Nonmelanoma skin cancers that do not spread are almost always treatable when detected early. So take note if any unusual spots or moles appear and visit your physician if any persist.

When surgery is required, doctors may employ radiation therapy, chemotherapy or photodynamic therapy to kill cancer cells. A flap or skin graft might be used to close any wounds caused by surgery.

Basal cell carcinoma

BCC (Basilar Cell Carcinoma) develops on sun-exposed areas such as the head and neck. It typically appears as a pearly white or pink bump on fair skin; on darker skin types it could appear brown or black, potentially bleeding or scabbing over before necessitating treatment depending on its size and location.

Basal cell carcinomas can often be successfully treated if detected early. Therefore, it’s essential that you regularly inspect your skin and report any changes or any suspicious patches to your physician immediately.

Surgery is often recommended as the first course of action against cancerous tumors, using a scalpel to cut away any diseased tissues from around it (called “safety margins”). For additional protection against cancer cells remaining undetected by standard procedures, another surgical approach called Mohs micrographic surgery, where layers are taken off one at a time may also be performed.

Medicines applied topically can also help treat basal cell carcinoma, including imiquimod and 5-fluorouracil creams that stimulate immune systems while inhibiting an enzyme involved in DNA synthesis called thymidylate synthase. They should be applied regularly over a period of weeks for maximum effectiveness.

Squamous cell carcinoma

Squamous cell carcinomas (SCCs) can often be effectively treated when they’re detected early and treated appropriately, while left untreated they could spread to nearby lymph nodes or organs and worsen quickly.

SCC typically occurs on sun-exposed skin areas such as the face, neck, arms and legs; however it can appear elsewhere such as ears, genitals and lips. It usually presents itself as an unhealed patch that raises, turns red or is scaly in appearance and does not heal over time. People exposed to frequent or extended UV radiation are particularly prone to SCC development while individuals with compromised immune systems, or an inherited disease such as xeroderma pigmentosum may also increase their chances.

Doctors usually treat skin cancer (SCC) via surgical excision, with removal of both the growth and some healthy surrounding tissue to minimize its chances of returning. A technique called Mohs surgery may be utilized for larger or complex tumors to ensure maximum skin preservation; radiotherapy and other forms of therapy may also be considered treatments options.


Melanoma is a type of skin cancer caused when melanocytes develop mutations to their DNA that allow cells to divide faster than healthy ones and cause moles or freckles to change shape, size and color over time.

If melanoma is detected early enough, its chance for cure increases significantly. Doctors use a system known as TNM to classify each case of diagnosed melanoma according to thickness and spreadability.

Doctors use surgery and other forms of medical therapy to treat melanoma. Chemotherapy, immunotherapy or targeted therapies may also be employed to control and prevent further spread.
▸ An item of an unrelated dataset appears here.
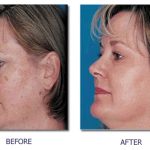 The Beauty Secrets, Incredible Benefits of Retin-A benefits of retin a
Chemotherapy medications kill cancer cells and can either be given via injection or orally in tablet form – often in combinations such as Cisplatin (Muphoran), Lomustine (Gleostine) and Paclitaxel (Taxotere). Also available may be vinblastine or dacarbazine to address further spread.
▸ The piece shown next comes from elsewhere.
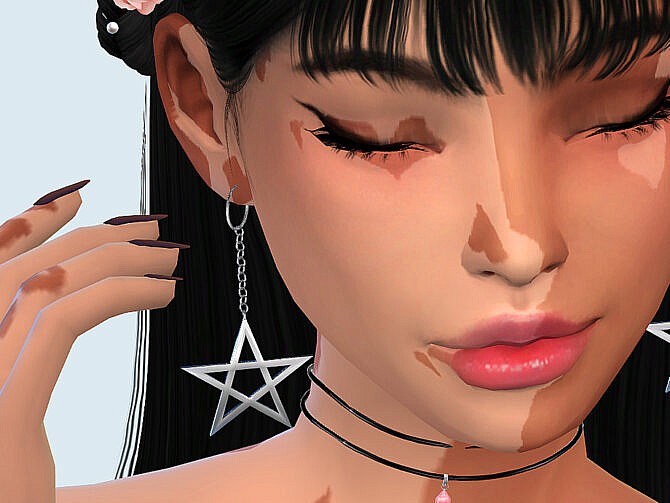 Skin Detail Vitiligo Set No. 2 by Saruin at TSR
Your doctor can usually treat BCC that has not spread by cutting it out with electrodessication and curettage (EDC), an outpatient surgery performed under general anesthesia. After numbing, your physician will use a spoon-shaped tool to scrape away tumor tissue while controlling any bleeding; they then kill any remaining cancer cells via electricity or needle; finally leaving behind only a small white scar as evidence of treatment.

In cases where BCC has spread or for those at greater risk, doctors may opt for Mohs surgery – an advanced technique in which layers of normal-looking skin surrounding the tumor are carefully removed while mapping each one for cancer cells before proceeding further.

Other treatments might include radiation therapy that uses X-rays to destroy cancer cells, or medicines designed to stop them from multiplying (immunotherapy). At City of Hope, our patients are just steps from labs where new therapies are developed daily – providing our patients with access to cutting-edge research directly geared toward providing them with care at home. Our truly bench-to-bedside approach ensures they will get care as soon as they need it.